Selanjutnya sejak diketahui secara benar apa yang terjadi di Everest pada saat tragedi tersebut berlangsung, dan diketahui pula bahwa Krakauer menolak memberi kontribusi lebih dalam upaya penyelamatan para korban, kabarnya ia mendapat banyak hujatan dan kritikan dari dunia mountaineering karena prilakunya tersebut. Sikap Krakauer dinilai bukan sifat seorang mountaineer sejati, ia seolah hanya menjadi seorang yang egois dan tidak mau membantu teman yang kesusahan, dan dalam dunia pendakian gunung, sifat ini bukanlah sifat mulia, dan tentunya tidak dapat diterima.

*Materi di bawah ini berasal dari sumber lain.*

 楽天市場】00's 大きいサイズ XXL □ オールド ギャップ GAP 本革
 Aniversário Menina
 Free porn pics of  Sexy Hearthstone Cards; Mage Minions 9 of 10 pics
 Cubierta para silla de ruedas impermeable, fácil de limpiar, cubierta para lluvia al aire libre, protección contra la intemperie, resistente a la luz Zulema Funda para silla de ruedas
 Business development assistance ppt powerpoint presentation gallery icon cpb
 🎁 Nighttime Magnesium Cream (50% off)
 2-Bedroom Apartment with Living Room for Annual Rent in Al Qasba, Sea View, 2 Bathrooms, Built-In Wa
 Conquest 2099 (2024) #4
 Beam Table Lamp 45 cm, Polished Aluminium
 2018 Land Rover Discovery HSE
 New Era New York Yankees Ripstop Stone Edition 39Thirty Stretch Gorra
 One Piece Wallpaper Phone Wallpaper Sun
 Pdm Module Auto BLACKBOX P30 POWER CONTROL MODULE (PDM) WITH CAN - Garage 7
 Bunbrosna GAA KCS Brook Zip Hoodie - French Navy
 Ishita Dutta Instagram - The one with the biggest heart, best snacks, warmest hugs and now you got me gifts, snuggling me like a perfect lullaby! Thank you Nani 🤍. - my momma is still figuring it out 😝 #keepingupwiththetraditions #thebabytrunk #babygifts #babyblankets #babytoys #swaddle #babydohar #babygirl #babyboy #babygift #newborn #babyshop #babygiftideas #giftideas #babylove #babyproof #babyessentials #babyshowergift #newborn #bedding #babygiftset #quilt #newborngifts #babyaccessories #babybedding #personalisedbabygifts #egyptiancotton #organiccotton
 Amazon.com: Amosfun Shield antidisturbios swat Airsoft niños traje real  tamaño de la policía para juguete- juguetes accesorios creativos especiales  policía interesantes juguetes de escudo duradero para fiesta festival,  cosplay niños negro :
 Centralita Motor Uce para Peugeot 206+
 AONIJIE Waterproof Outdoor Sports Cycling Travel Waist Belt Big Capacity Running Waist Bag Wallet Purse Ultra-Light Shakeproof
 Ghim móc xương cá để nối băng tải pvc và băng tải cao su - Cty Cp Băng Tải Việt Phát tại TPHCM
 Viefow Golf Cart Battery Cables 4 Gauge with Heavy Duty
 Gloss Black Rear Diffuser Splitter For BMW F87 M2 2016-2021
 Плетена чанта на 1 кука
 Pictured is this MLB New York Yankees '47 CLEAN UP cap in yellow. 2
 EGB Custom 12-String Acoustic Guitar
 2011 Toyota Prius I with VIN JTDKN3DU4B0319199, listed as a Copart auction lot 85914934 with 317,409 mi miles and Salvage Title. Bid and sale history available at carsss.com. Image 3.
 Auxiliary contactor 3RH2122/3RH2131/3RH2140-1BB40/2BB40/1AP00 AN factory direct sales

Seringkali kita mendengar, dalam banyak kesempatan, Krakauer yang seorang jurnalis dari sebuah media besar di dunia outdoor, mengatakan bahwa kesalahan terbesar yang pernah ia lakukan sepanjang hidupnya adalah memutuskan untuk mendaki gunung Everest.
Jika dulu sebelum menyaksikan film Everest di 2015 ini, saya menduga Krakauer mengatakan hal itu, karena didorong oleh rasa kehilangan yang mendalam atas kematian rekan rekannya dalam musibah besar Everest tersebut, yang juga membuka mata dunia tentang komersialisasi gunung. Namun belakangan sejak menyaksikan film Everest ini, film yang diklaim banyak orang sebagai yang paling mendekati kenyataan sesungguhnya, saya malah kemudian berpikir, bahwa Krakauer mengatakan bahwa kesalahan terbesarnya adalah mendaki gunung Everest, adalah sebagai wujud penyesalan dan permintaan maafnya yang terselubung, atas tindakan egoisnya yang enggan membantu Anatoli Boukreev untuk turut serta mengevakuasi para korban saat itu.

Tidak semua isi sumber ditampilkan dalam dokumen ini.